U.S. Pat. No. 6,634,585 to William O. Ingram, III (Compact Creel—Oct. 21, 2003) describes a compact, mobile creel that can be prestocked with a large number of small size packages of yarn and moved to the tufter when changing to the next production order. This apparatus accentuates any tension plucks as the yarn is removed from the packages that can cause carpet tufting or weaving defects and limit the processing speed due to the yarn routing from the tube surface back through a plastic tube that passes through the yarn core. As the size of the fabric being produced decreases the diameter of the supply yarn packages is largely fixed by the diameter of the package paper/plastic core and the space needed to store the supply packages per pound of yarn rapidly increases. Space must also be provided between adjacent packages of yarn so that the threadlines do not become entangled when the yarn is removed from the packages. Vertical orientation of the packages above each other allows the yarn to drop down when the machine is stopped onto the packages below despite the horizontal monofilament separating threadlines provided, which can cause machine outages due to capture of threadlines from the adjacent packages when the machine is restarted. This results in higher shipping costs and increased warehouse and operating room requirements.

Tube banks or sample creels have also been used for making very small production lots. In this method plastic pipe or paper tube storage containers are connected to each of the threadlines going into the tufter or loom. Yarn is taken from large size supply packages and is blown into the top of each of the containers with a compressed air yarn entrainment device. Only a very limited length of yarn can be placed in the tubes, and frequent problems with entangling of the yarn when it is withdrawn are encountered. In practice this method is only used for small sample machines and for short lengths of tufted or woven fabric. These devices are commercially available from a number of equipment suppliers and are well known in the industry.

U.S. Pat. No. 3,759,010 to Beryl Aaron Boggs (Screw Jet Pack For Textile Fibers—1973), describes an apparatus for placing single ends of yarn into a plastic casing which can later be stripped off when fiber is to be used. This is a complex system and no method for producing many small length packages and effectively using them on a tufter or loom is disclosed.

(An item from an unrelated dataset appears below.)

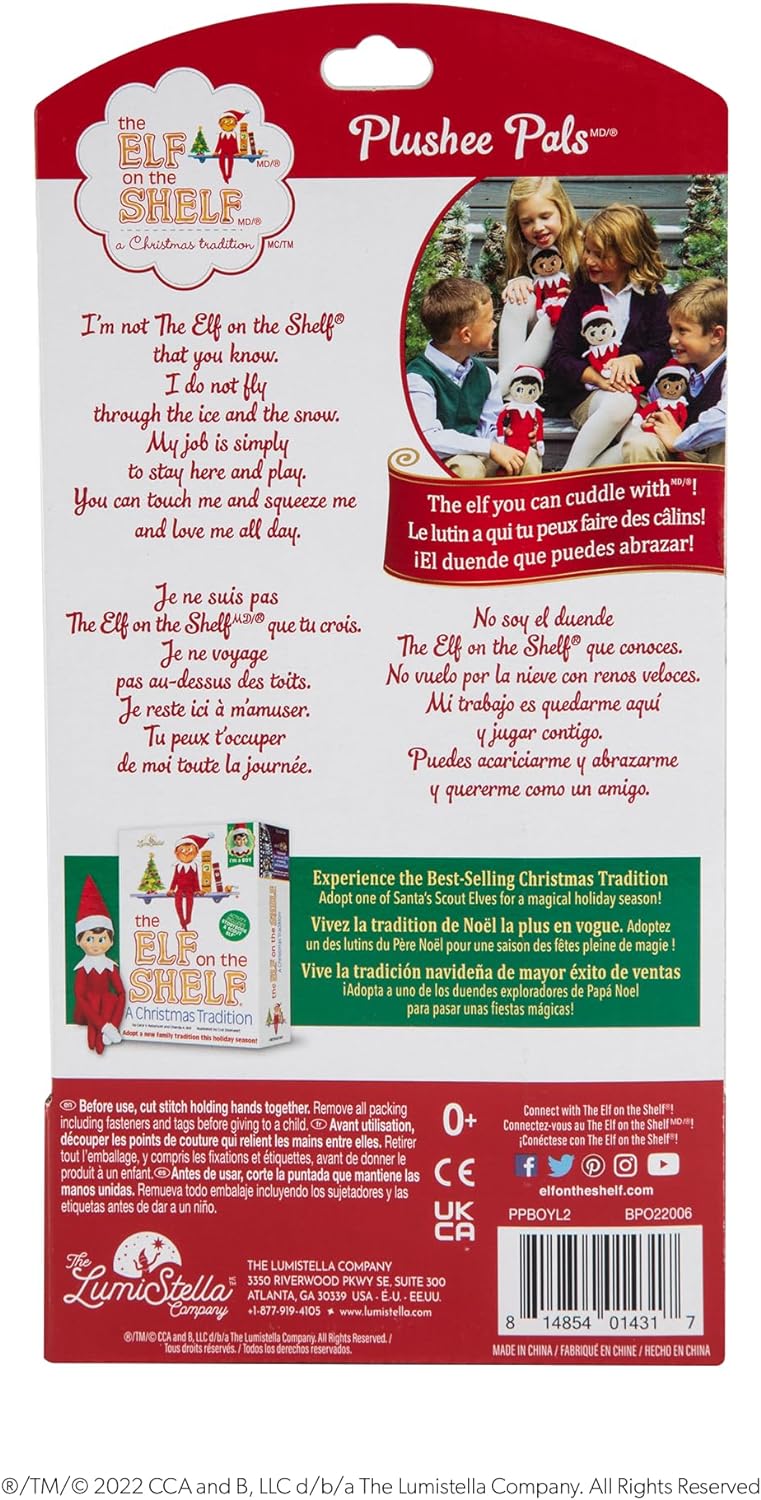 The Elf on the Shelf Plushee Pals, Blue Eyed Boy, Light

There are a number of US Patents to Joseph E. Koskol, et al. —Apparatus And Process For Packaging Yarn And Product Therefrom (U.S. Pat. No. 4,863,029) and Apparatus and Process For Forming A Wad Of Yarn (U.S. Pat. No. 4,956,901). These describe a method for forming wads of compacted yarn and placing them in layered yarn packages. The equipment is complex and was purposed at packaging large quantities of yarn rather than a large number of very small packages of yarn. There is also concern about changing the supply yarn appearance or properties by passing it through a wad forming jet using high velocity air or steam and post processing at elevated temperatures when further compacting the yarn before packaging.

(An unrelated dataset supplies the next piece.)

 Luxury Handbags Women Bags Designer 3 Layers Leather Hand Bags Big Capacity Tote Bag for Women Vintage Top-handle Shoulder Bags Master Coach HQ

U.S. Pat. No. 4,081,888 to Hasegawa et al. describes an apparatus for producing compact yarn packages. This process uses an off-center (eccentric) introduction of yarn and pressing head on the opposite side of a cylindrical accumulation chamber to compact yarn packages, as well as other features. Motive gas used to place yarn in the chamber escapes from top section of the accumulation chamber, and steam is used as a heating fluid. This is a complex mechanism whose purpose was to produce a block of yarn that was much higher in weight than required to accomplish the objectives of small lot carpet or fabric fabrication.

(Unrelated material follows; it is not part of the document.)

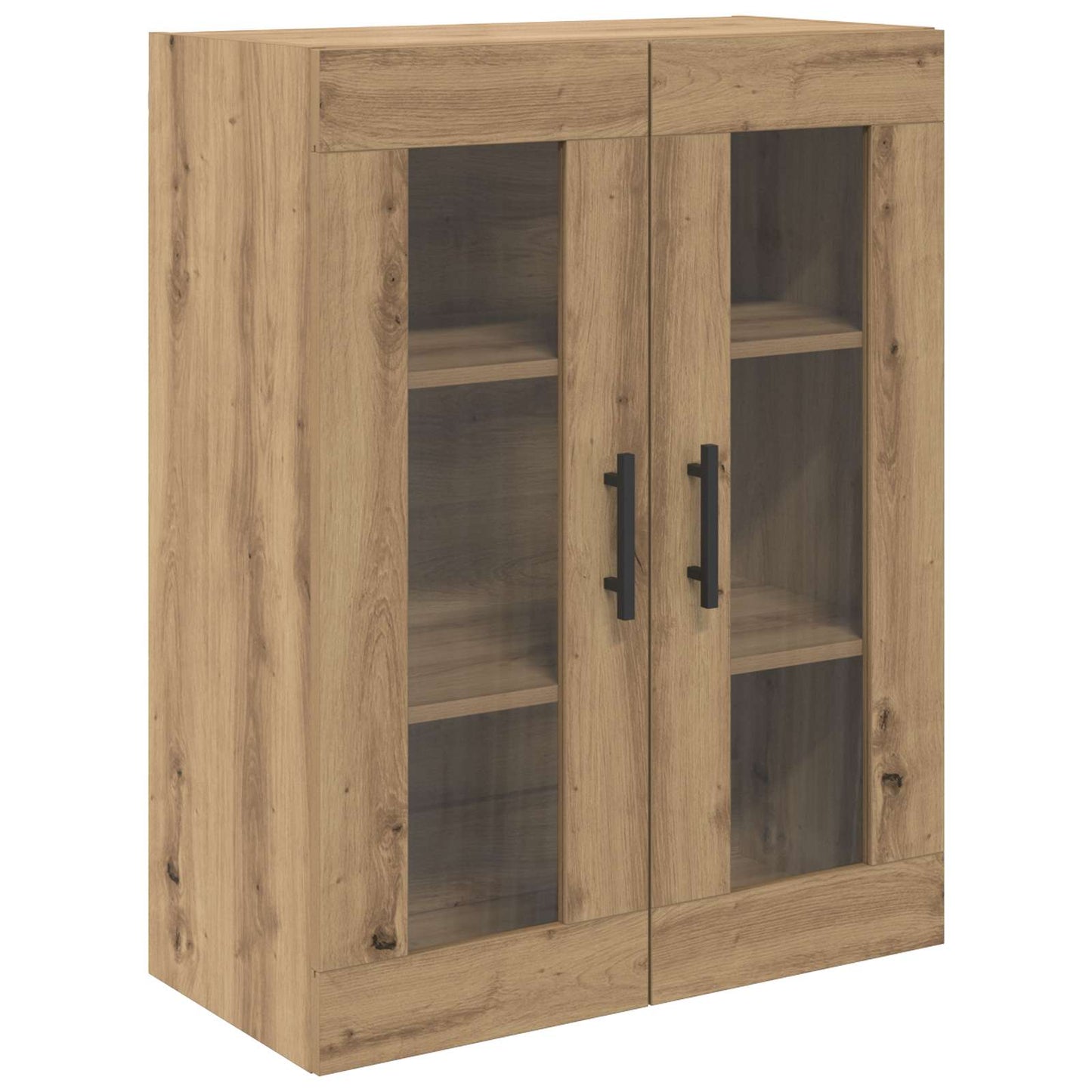vidaXL Highboard 2 pcs Artisan Oak Σύνθετο Ξύλο και Γυαλί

U.S. Pat. No. 2,741,009 to Slayter and Anderson describes dropping filaments of yarn (specifically glass fiber) into an open top container that has perforations on the sides and bottom to permit air removal by a blower to hold the fibers in place and more tightly pack them. Packaging in this manner would result in too low a density for BCF or other similar fibers, and the containers would be too large for practical use to supply tufting or weaving equipment.

GB1217671 to Waring describes a process for handling wool during scouring, dyeing, and other downstream processing, where yarn is introduced into a cage made of metal mesh via a compressed air powered pulling device, and then the yarn is compacted by pulling air from the bottom of the cage by a fan. Packaging in this manner would result in too low a density for BCF or other similar fibers, so containers too large for practical use to supply tufting or weaving equipment with a large number of packages of yarn are needed for weaving or tufting.

U.S. Pat. No. 4,085,881 to Roberson describes a device for processing glass fibers that uses air exhausted from the sides and bottom of a canister to hold spun fibers in place and compact them to a higher density. Includes description of control mechanisms to produce package of fiber that is claimed to be of uniform density. Packaging in this manner would result in too low a density for BCF or other similar fibers, and the containers produced would be too large for practical use to supply tufting or weaving equipment.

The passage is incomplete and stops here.